Jika ada sekolah yang mengklaim dirinya sebagai sekolah unggulan hanya karena alasan inputnya bukan berasal dari anak-anak kita yang kebetulan memiliki nasib kurang beruntung baik dalam hal ekonomi maupun intelegensi atau hanya berdasarkan kemampuan akhir siswanya tanpa melihat seberapa besar rentang kemajuan yang mereka peroleh bila dibandingkan dengan kemapuan mereka pada saat pertama kali mendaftarkan dirinya di sekolah dimaksud maka selaku pendidik saya meminta sekolah tersebut untuk dievaluasi kinerjanya secara komprehensif. Ini menjadi amat sangat penting karena bisa jadi prestasi yang diperolehnya selama ini hanyalah sebuah nilai tambah yang stagnan yang tidak bisa diklasifikasikan sebagai sebuah kemajuan yang signifikan. Peluang terjadinya hal tersebut cukup rasional mengingat input yang diperolehnya selama ini memiliki kualitas kemampuan yang cukup tinggi atau di atas rata-rata sejak mereka pertama kali mengikuti pendidikan pada sekolah-sekolah dimaksud sehingga tanpa mengubahnya pun kualitas kemapuan mereka memang sudah tinggi. Bila hal ini benar-benar terjadi maka sesungguhnya pihak-pihak dimaksud sebenarnya tidak pernah melakukan sesuatu untuk meningkatkan prestasi peserta didiknya, tetapi semata-mata hanya mempertahankan prestasi yang sebenarnya telah mereka miliki sebelumnya. Dengan bahasa yang lebih gamblang, mereka bisa saja tidak pernah berusaha untuk membuat anak didiknya menjadi pintar tetapi hanya mempertahankan anak-anak yang pintar. Kalau begini keadaannya maka sekolah-sekolah semacam itu sesungguhnya tidak ada bedanya dengan lembaga-lembaga pendidikan yang disebut sebagai sekolah gurem selama ini sehingga sekali lagi sungguh sangat tidak rasional kalau pemerintah atau masyarakat memberikan lebel unggulan padanya.

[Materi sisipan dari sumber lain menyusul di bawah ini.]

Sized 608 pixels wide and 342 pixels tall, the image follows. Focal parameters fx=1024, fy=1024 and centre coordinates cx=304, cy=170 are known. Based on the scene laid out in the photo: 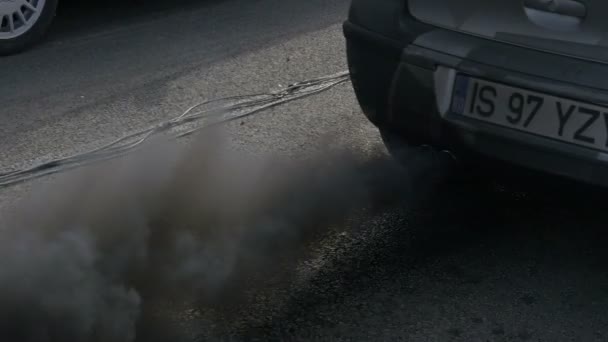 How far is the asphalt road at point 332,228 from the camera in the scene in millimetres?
3162

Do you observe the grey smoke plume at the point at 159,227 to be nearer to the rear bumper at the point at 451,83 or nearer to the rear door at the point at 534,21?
the rear bumper at the point at 451,83

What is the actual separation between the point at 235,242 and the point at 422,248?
0.66 meters

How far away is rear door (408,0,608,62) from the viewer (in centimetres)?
302

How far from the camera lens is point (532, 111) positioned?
309cm

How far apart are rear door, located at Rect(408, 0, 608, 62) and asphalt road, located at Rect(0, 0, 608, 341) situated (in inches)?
19.0

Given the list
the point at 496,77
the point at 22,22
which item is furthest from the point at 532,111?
the point at 22,22

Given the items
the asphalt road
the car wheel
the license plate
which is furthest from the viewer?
the car wheel

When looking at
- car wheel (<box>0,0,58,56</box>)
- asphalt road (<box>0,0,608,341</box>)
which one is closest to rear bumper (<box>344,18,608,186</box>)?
asphalt road (<box>0,0,608,341</box>)

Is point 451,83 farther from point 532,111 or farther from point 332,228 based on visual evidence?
point 332,228

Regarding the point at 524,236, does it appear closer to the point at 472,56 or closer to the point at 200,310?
the point at 472,56

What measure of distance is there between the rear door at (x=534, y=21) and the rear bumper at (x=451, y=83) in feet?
0.10

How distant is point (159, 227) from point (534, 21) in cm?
144

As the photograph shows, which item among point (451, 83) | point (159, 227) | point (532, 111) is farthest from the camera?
point (159, 227)

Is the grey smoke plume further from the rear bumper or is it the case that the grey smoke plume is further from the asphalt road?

Dari uraian diatas dapat disimpulkan bahwa sekolah unggulan adalah sekolah yang mampu memberi nilai tambah yang signifikan dalam bentuk peningkatan kualitas ilmu pengetahuan, ketrampilan dan sikap bagi peserta didiknya, bukan sekolah yang hanya mampu mempertahankan kualitas input yang dikelolanya . Dengan demikian, keengganan apalagi ketidakmauan pihak-pihak tertentu untuk menerima calon peserta didik yang kebetulan kurang beruntung baik dalam hal kemampuan finansial maupun intelegensi untuk dididik di sekolah-sekolah yang dibinanya harus segera dihilangkan. Lembaga-lembaga pendidikan publik yang selama ini mengklaim dirinya sebagai sekolah unggulan harus dengan rela dan penuh tanggung jawab menjalankan tugasnya sebagai institusi pendidikan dan pelatihan bagi siapa saja yang berada di lingkungan komunitas dimana ia berada tanpa melihat seberapa tinggi tingkat intelejensinya dan seberapa banyak kekayaan yang ia miliki karena tugas tersebut adalah representasi dari salah satu kewajiban negara bagi rakyatnya. Seleksi atau tes penerimaan siswa baru hendaknya dilihat bukanlah sebagai alat yang digunakan untuk ‘mengganjal’ siapa-siapa saja yang layak mendapatkan pendidikan pada institusi-institusi tersebut tetapi tak lebih hanya sebagai sarana untuk mengetahui seberapa tinggi kualitas ilmu pengetahuan, keterampilan dan sikap yang dimilikinya saat itu yang pada akhirnya akan menjadi parameter penentuan seberapa besar nilai tambah yang telah diberikan oleh sebuah lembaga pendidikan bagi peserta didiknya pada akhir proses pendidikan yang telah ditempuhnya. Semoga bermanfaat.

Salam hangat dari Amherst, USA !
Syamsul Aematis Zarnuji
Duta Pendidikan Indonesia
The 2006 US-Indonesian Educators Exchange Program
The University of Massachusetts, United States of America.